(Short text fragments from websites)
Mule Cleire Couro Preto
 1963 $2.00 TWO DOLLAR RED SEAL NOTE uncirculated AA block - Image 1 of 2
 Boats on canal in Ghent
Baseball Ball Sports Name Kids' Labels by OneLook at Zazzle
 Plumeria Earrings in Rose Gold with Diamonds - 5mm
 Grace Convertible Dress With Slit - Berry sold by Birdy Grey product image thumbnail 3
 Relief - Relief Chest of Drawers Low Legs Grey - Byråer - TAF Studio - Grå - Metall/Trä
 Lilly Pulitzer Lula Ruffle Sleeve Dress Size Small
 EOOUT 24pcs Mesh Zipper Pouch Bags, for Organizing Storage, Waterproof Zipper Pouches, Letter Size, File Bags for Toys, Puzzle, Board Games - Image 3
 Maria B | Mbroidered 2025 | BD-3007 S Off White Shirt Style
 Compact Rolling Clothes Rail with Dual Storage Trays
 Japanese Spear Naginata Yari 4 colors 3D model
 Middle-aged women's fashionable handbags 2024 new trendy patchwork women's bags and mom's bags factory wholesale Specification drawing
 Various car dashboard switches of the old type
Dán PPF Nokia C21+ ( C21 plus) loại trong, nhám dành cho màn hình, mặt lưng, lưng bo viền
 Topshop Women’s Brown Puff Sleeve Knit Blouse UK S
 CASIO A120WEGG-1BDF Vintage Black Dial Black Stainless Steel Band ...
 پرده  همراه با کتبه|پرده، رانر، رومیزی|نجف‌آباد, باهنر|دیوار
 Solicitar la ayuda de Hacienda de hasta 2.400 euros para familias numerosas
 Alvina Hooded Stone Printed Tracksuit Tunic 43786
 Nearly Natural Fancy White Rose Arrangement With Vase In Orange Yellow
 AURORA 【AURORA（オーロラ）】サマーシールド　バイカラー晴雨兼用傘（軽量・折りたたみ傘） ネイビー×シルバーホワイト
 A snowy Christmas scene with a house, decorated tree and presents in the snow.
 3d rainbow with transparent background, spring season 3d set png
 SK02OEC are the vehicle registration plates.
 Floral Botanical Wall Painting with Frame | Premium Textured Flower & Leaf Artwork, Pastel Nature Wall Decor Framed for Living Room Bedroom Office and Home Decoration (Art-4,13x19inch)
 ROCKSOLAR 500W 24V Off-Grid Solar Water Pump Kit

• [What you have to do]: Your task is to reproduce all the data exactly as shown.

• [Result]:
Mule Cleire Couro Preto
 1963 $2.00 TWO DOLLAR RED SEAL NOTE uncirculated AA block - Image 1 of 2
 Boats on canal in Ghent
Baseball Ball Sports Name Kids' Labels by OneLook at Zazzle
 Plumeria Earrings in Rose Gold with Diamonds - 5mm
 Grace Convertible Dress With Slit - Berry sold by Birdy Grey product image thumbnail 3
 Relief - Relief Chest of Drawers Low Legs Grey - Byråer - TAF Studio - Grå - Metall/Trä
 Lilly Pulitzer Lula Ruffle Sleeve Dress Size Small
 EOOUT 24pcs Mesh Zipper Pouch Bags, for Organizing Storage, Waterproof Zipper Pouches, Letter Size, File Bags for Toys, Puzzle, Board Games - Image 3
 Maria B | Mbroidered 2025 | BD-3007 S Off White Shirt Style
 Compact Rolling Clothes Rail with Dual Storage Trays
 Japanese Spear Naginata Yari 4 colors 3D model
 Middle-aged women's fashionable handbags 2024 new trendy patchwork women's bags and mom's bags factory wholesale Specification drawing
 Various car dashboard switches of the old type
Dán PPF Nokia C21+ ( C21 plus) loại trong, nhám dành cho màn hình, mặt lưng, lưng bo viền
 Topshop Women’s Brown Puff Sleeve Knit Blouse UK S
 CASIO A120WEGG-1BDF Vintage Black Dial Black Stainless Steel Band ...
 پرده  همراه با کتبه|پرده، رانر، رومیزی|نجف‌آباد, باهنر|دیوار
 Solicitar la ayuda de Hacienda de hasta 2.400 euros para familias numerosas
 Alvina Hooded Stone Printed Tracksuit Tunic 43786
 Nearly Natural Fancy White Rose Arrangement With Vase In Orange Yellow
 AURORA 【AURORA（オーロラ）】サマーシールド　バイカラー晴雨兼用傘（軽量・折りたたみ傘） ネイビー×シルバーホワイト
 A snowy Christmas scene with a house, decorated tree and presents in the snow.
 3d rainbow with transparent background, spring season 3d set png
 SK02OEC are the vehicle registration plates.
 Floral Botanical Wall Painting with Frame | Premium Textured Flower & Leaf Artwork, Pastel Nature Wall Decor Framed for Living Room Bedroom Office and Home Decoration (Art-4,13x19inch)
 ROCKSOLAR 500W 24V Off-Grid Solar Water Pump Kit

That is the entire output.